• What you are asked to do:
Without the pictures, repeat the listing character for character.

• Given information:
# # # # #

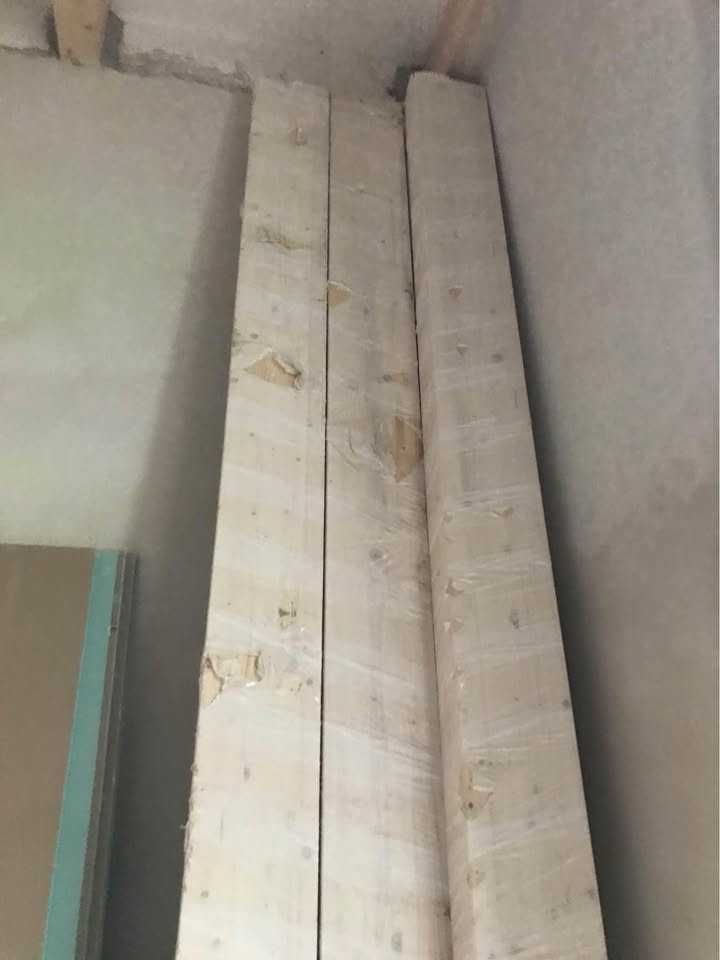 Barrotes de madeira (3,5m x 20 cm x 10 cm)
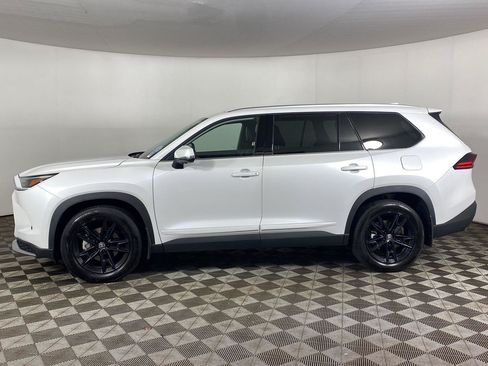 Used 2025 Toyota Grand Highlander AWD Hybrid image 31
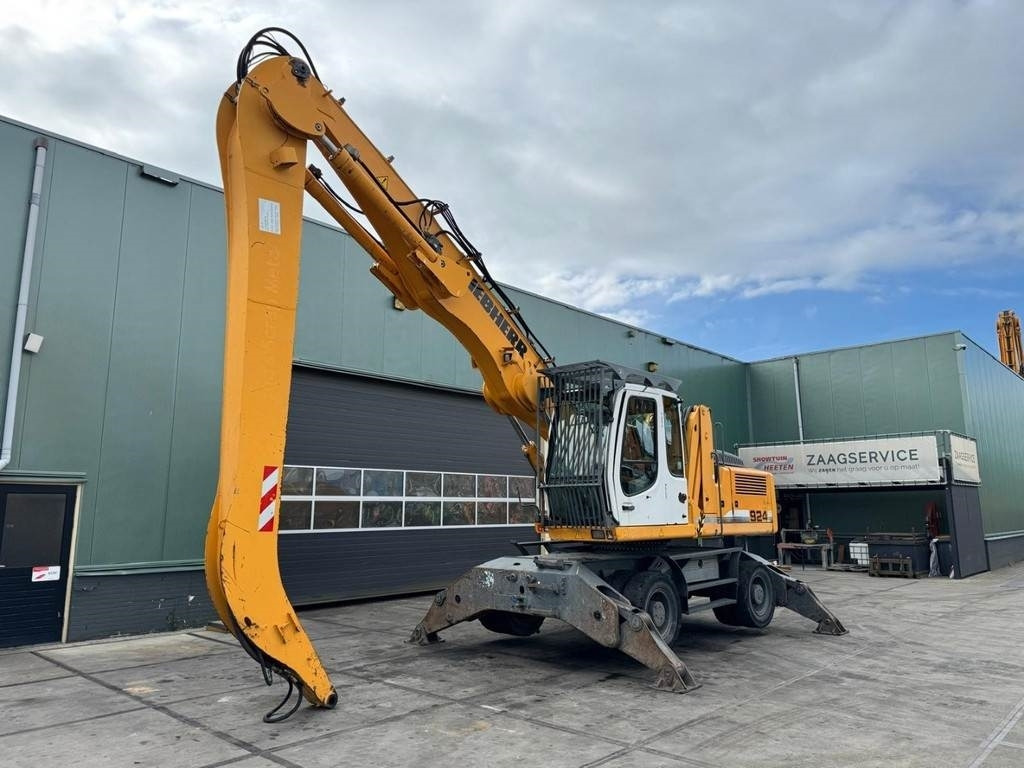 Waste/ Industry handler Liebherr A 924 C: picture 8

# # # # #

• Answer to the problem:
 Barrotes de madeira (3,5m x 20 cm x 10 cm)
 Used 2025 Toyota Grand Highlander AWD Hybrid image 31
 Waste/ Industry handler Liebherr A 924 C: picture 8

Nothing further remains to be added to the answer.